The issue list is really just a starting point for ARC revision. This should help ARC reviewers to have a clear overview of the most important issues that need to be addressed for ARC publication. However, the issue list is not exhaustive and may need to be adapted to the specific needs of the ARC revision. For example, some issues may not be relevant for a specific ARC, while other issues may need to be added.

In order to guide the ARC creators and relate the issues to their specific ARC, it usually makes sense to add some comments to the issues. This can be done directly in the DataHUB by responding to the issues and include specific parts, e.g. study or assay names and screenshots (e.g. from ARCitect).

Furthermore, since the issue list is generic and with the logic above, always all issues are imported, it may be useful to close some of the issues immediately after import if they are not (anymore) relevant for the specific ARC revision. Again, this highlights, that certain criteria simply apply to all ARCs.

The issue list is based on the CSV import feature of GitLab issues, which allows you to create multiple issues at once by uploading a CSV file with the issue details. For more details on the CSV format and the available options, please refer to the GitLab documentation.

  • The first two columns must be title and description.
  • The first row is used as a header and is ignored.
  • The order of the rows does not matter – by default the issues are sorted alphabetically in the DataHUB.

GitLab offers so-called “quick-actions” to perform certain actions on issues, e.g. to assign an issue to a user, to add a label or to mark an issue as confidential. These quick-actions can also be used in the CSV file to set up the issues in a more specific way during import.

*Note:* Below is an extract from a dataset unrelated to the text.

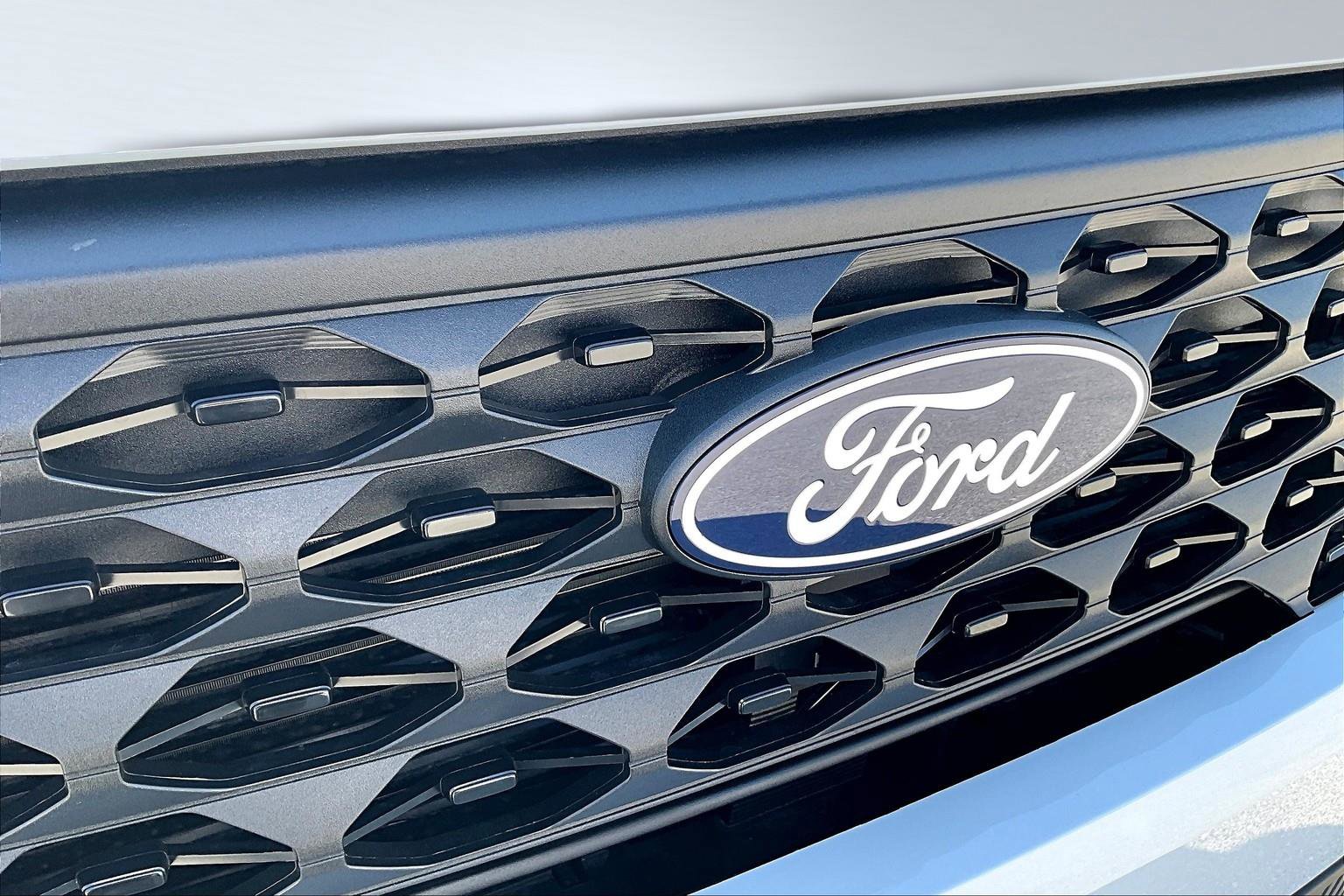 New 2025 Ford Maverick XL w/ 4K Tow Package image 24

  • Each action must be on a separate line.
  • For quick actions like /label and /milestone, the label or milestone must already exist in the project.

Using the quick-action /label allows to categorize the issues. Instead of typical journal review terminology (e.g. “required”, “recommended”, “major”, “minor”), this issue list uses the default GitLab labels critical, suggestion and enhancement. Since these labels already exist on every project (ARC) by default. This prevents having to create the labels before issue import.

Marking review issues as “confidential” via the /confidential quick-action simply adds a bit more comfort for the ARC authors. Issues marked as confidential are only visible to project members with at least “Reporter” permissions.